In a ceremony at Georgetown University Medical Center, the president called attention to $2.1 billion in federal spending over the next five years for diabetes treatment and research, included in the newly signed balanced budget legislation.
Most of the money will pay for expanded medical benefits for the estimated 3.2 million diabetics who are covered by Medicare. For the first time, Medicare will cover the purchase of monitors that enable patients to check their own blood sugar levels. It will also pay for health care providers who teach diabetics how to control the disease and keep blood sugar levels from rising or falling precipitously. Self-management training had been permitted only in hospital programs, while blood glucose monitors were covered only for diabetics who cannot control blood sugar by adjusting their diet and were required to take insulin.

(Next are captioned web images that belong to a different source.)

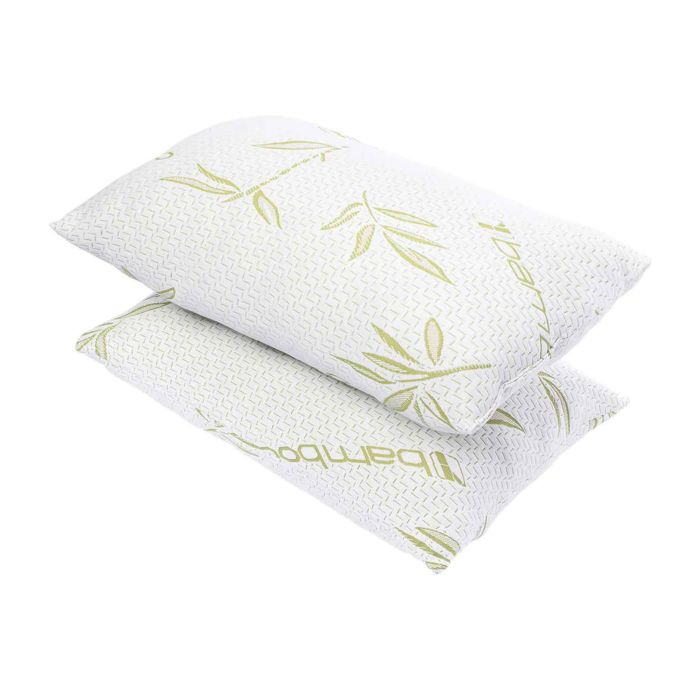 Queen Chelsea Loft Bamboo Pillow - BAMBMICQ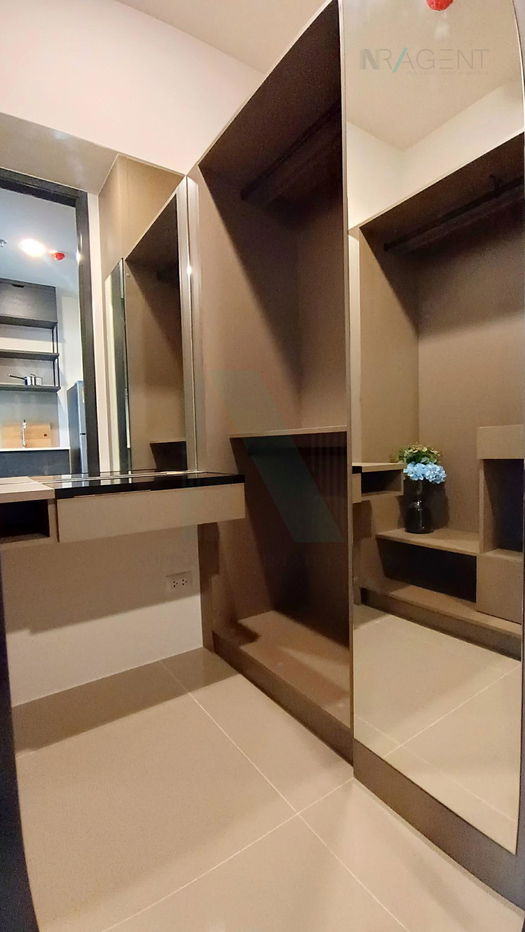 รูป ให้เช่าคอนโด เอ็กซ์ที ห้วยขวาง อาคาร A ชั้น 41 สตูดิโอ ขนาด 30.00 ตรม ใกล้ The Street รัชดา - รูปที่ 6/8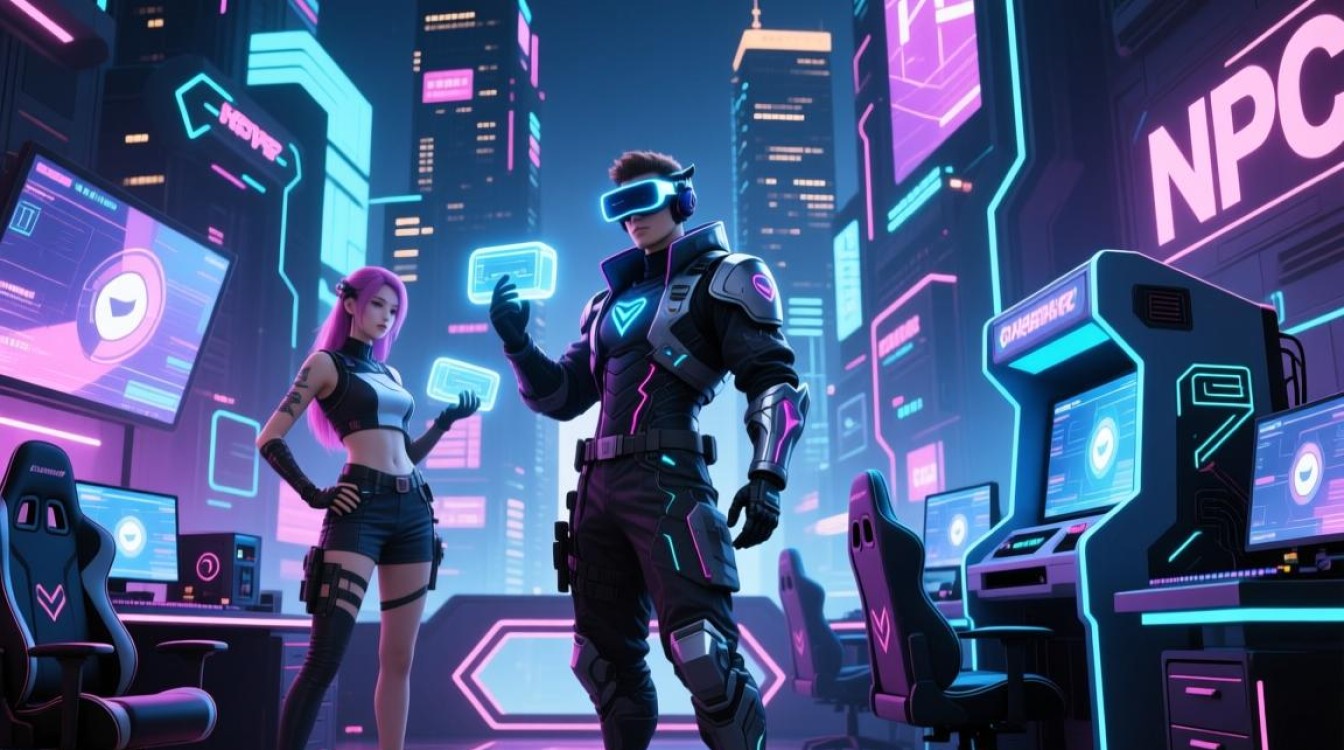 游戏NPC如何实现虚拟机般独立运行？揭秘游戏技术奥秘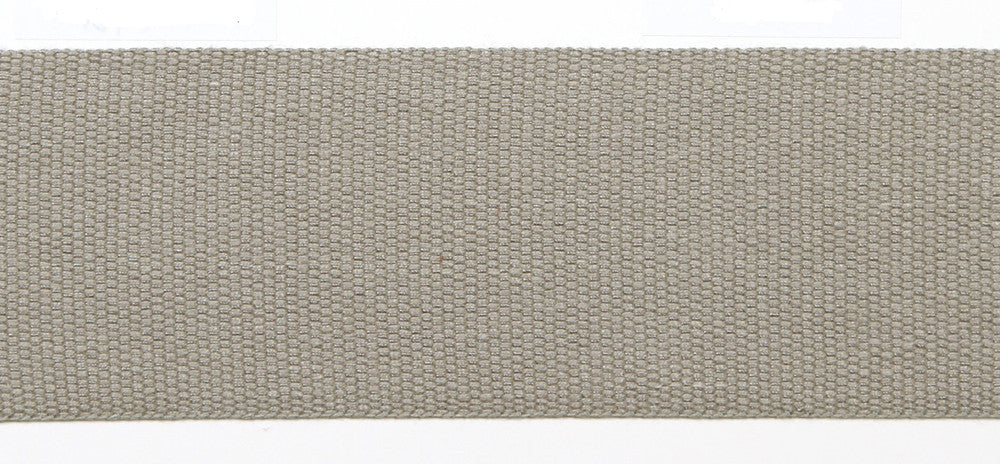 Everly 2 Inch Tape Shade by Magnolia Trim - 63LINEN/37RAYON CHINA Horizontal: and Vertical: 2" - Fabric Carolina -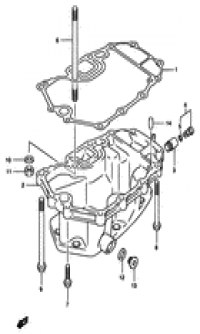 Oil pan ( )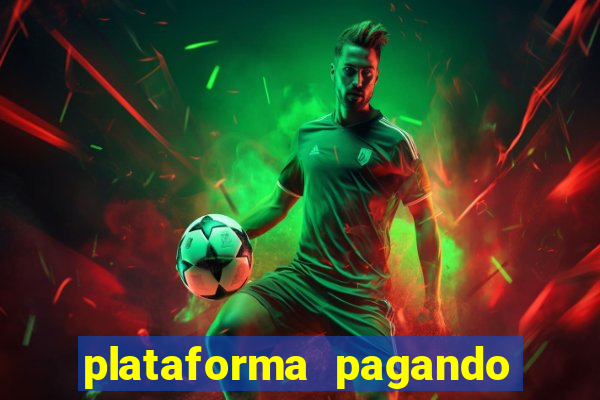 plataforma pagando no cadastro slots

The measure also provides $150 million for research into the prevention and cure of Type I diabetes, often known as juvenile diabetes because half of its sufferers are children, and $150 million for the treatment and prevention of rampant diabetes among American Indians.
The White House said that 16 million Americans have diabetes, which results from defects in the body’s ability to manufacture the insulin it needs to process glucose in the blood. It can cause kidney, nerve, heart or blood vessel failure.
For reasons that are unclear, American Indians are particularly vulnerable, with one out of every five suffering from the disease.